Cá estou em minha salinha do computador ou meu escritorinho, como eu costumo chamar, minha toca. Acabei de fechar a janela porque a chuva intermitente engrossou e ameaça molhar meu computador. Se fosse no tempo antigo, algum escritor diria, “a chuva ameaça molhar meus papeis”. Há poucos dias meu marido ainda me dizia, não chove mais como antes. Pois a chuva escutou e veio. É quase verão, e mesmo mais fresquinho, sei que esta temperatura agradável logo vai esquentar, assim, vou abrir a janela, deixando este ar de chuva natalina entrar em minha salinha e minha alma.
Embora eu goste muito da chuva, como Rubem Braga, eu digo que a chuva me traz uma pontinha de tristeza. Acho bonita, bendita, sei que mais do que nunca a chuva é necessária, porém ela sempre chega com um quê de melancolia para me saudar. Hoje, especificamente, talvez seja porque o Natal se aproxima e como muitas outras pessoas eu também sinto um aperto dentro do peito. Penso que isso aconteça com pessoas mais velhas porque os velhos vivem mais de lembranças do que de sonhos. E esta chuvinha me lembrou um Natal antigo.

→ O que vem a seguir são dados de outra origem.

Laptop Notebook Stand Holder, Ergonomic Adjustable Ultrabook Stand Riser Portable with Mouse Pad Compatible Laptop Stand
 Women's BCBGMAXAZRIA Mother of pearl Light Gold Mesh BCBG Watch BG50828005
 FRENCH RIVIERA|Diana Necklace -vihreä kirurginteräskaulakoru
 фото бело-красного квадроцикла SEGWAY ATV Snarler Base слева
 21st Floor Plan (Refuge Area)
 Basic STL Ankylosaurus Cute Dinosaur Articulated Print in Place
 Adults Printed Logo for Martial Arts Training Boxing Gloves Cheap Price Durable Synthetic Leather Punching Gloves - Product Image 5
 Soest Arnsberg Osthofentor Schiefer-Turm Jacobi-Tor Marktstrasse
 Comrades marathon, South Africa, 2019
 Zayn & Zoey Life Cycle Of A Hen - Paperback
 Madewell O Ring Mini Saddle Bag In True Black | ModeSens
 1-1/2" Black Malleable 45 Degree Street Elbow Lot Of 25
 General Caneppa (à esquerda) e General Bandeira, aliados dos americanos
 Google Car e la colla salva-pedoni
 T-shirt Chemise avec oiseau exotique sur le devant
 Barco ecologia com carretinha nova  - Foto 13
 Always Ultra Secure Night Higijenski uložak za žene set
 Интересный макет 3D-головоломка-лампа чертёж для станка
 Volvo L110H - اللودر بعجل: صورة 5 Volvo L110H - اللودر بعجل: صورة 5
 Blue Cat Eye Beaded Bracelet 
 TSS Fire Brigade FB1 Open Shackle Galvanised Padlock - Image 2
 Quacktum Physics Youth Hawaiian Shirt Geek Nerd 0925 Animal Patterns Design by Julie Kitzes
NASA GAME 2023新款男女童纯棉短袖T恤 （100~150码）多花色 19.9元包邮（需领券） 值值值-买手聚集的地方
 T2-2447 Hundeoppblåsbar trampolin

Não sei por que razão neste Natal de que falo, as coisas haviam melhorado financeiramente para meus pais. Pode ter sido por um premiozinho de loteria que meu pai tivesse ganhado. Eu me lembro perfeitamente de que ele sempre jogava na loteria e não é que por mais de uma vez ele ganhou alguma coisa? Nada que resolvesse os grandes problemas, mas sempre trazia um alívio, uma alegria, um prazer, como a cesta de Natal que já ficava garantida.
Então, minha mãe, toda animada, me chamou para “irmos às compras”, chique né? E debaixo de uma chuva fina, dessas típicas de Natal, percorremos várias lojas, esbarrando em pessoas também ávidas por comprar, e compramos presentes para todos nós e para os tios e primos. Nos demos ao luxo de presentear e para mim é verdadeira aquela máxima de que é mais gostoso presentear do que ser presenteado, é sim. Voltamos para casa carregadas de embrulhos, cansadas e molhadas de chuva, mas com os pacotes intactos que procuramos proteger a todo custo. Estávamos excitadas e alegres, dessas alegrias que o dinheiro pode temporariamente proporcionar.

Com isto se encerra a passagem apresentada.